Limitations & Future Work

  • VRAM scales with package count: Storing multiple Hessians requires significant memory (30 GB for 1 package); for ultra-large models, the "time-for-VRAM" knob may be strained at both ends.
  • Modest Speedups: Structured 30% only yields 1.31×; the primary value is "quality preservation at high sparsity" rather than extreme acceleration. Ends-to-end gains when combined with sampling step compression are not deeply explored.
  • Prompt Distribution Dependence: Calibration relies on text prompts from GCC3M; robustness to out-of-distribution prompts and sensitivity to calibration set size deserve more systematic evaluation.
  • Empirical Decay Schedule: The shape of \(\alpha_t\) and parameters \(\alpha_{\min}/\alpha_{\max}\) are empirically set; whether they are optimal for all samplers/steps or could be learned adaptively remains an open question.
  • vs Wanda / DSnoT: Both are one-shot training-free LLM pruning methods. This work adapts them to diffusion models via "Module Packages" as baselines. OBS-Diff wins using full second-order OBS + Timestep-aware Hessian versus Wanda's activation norm approximation.
  • vs SparseGPT: Part of the OBS lineage for layer-wise post-training pruning.
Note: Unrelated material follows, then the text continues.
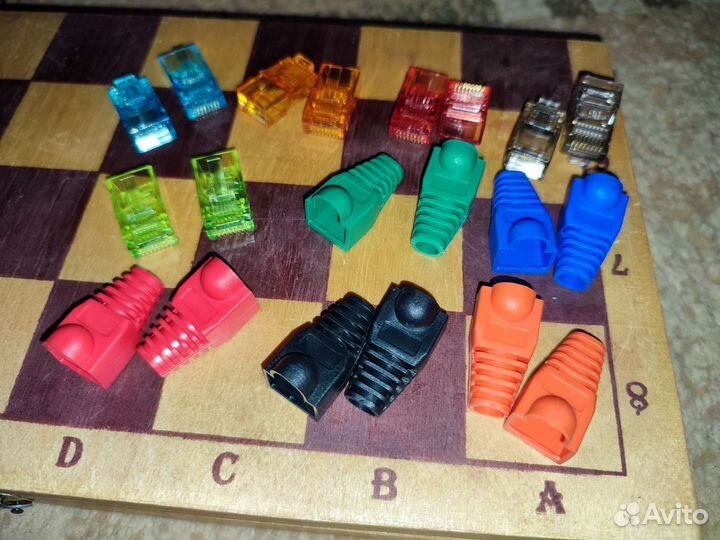 Коннекторы rj45 для интернета цветные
SparseGPT targets single forward passes; applying it directly to diffusion would be prohibitively expensive and ignore timestep variance. OBS-Diff's adaptations (timestep weighting + module packages) bridge these gaps.
  • vs EcoDiff / Diff-Pruning: These require training masks/gradients and fine-tuning. EcoDiff furthermore requires extensive tuning. OBS-Diff is entirely training-free and universal across MMDiT and U-Net.

Rating

  • Novelty: ⭐⭐⭐⭐⭐ Systematically resurrects OBS for large T2I models and addresses iterative denoising via Timestep-aware Hessians.
  • Experimental Thoroughness: ⭐⭐⭐⭐⭐ Covers five models (866M–12B), three granularities, and both U-Net and MMDiT architectures, including extensive ablations.
  • Writing Quality: ⭐⭐⭐⭐ Clear link between motivation (error accumulation) and implementation; Figure 2 is intuitive; structured extension formulas are somewhat dense.
  • Value: ⭐⭐⭐⭐⭐ Training-free, runs in 15 minutes on consumer hardware, and preserves quality at high sparsity—highly practical for diffusion model deployment.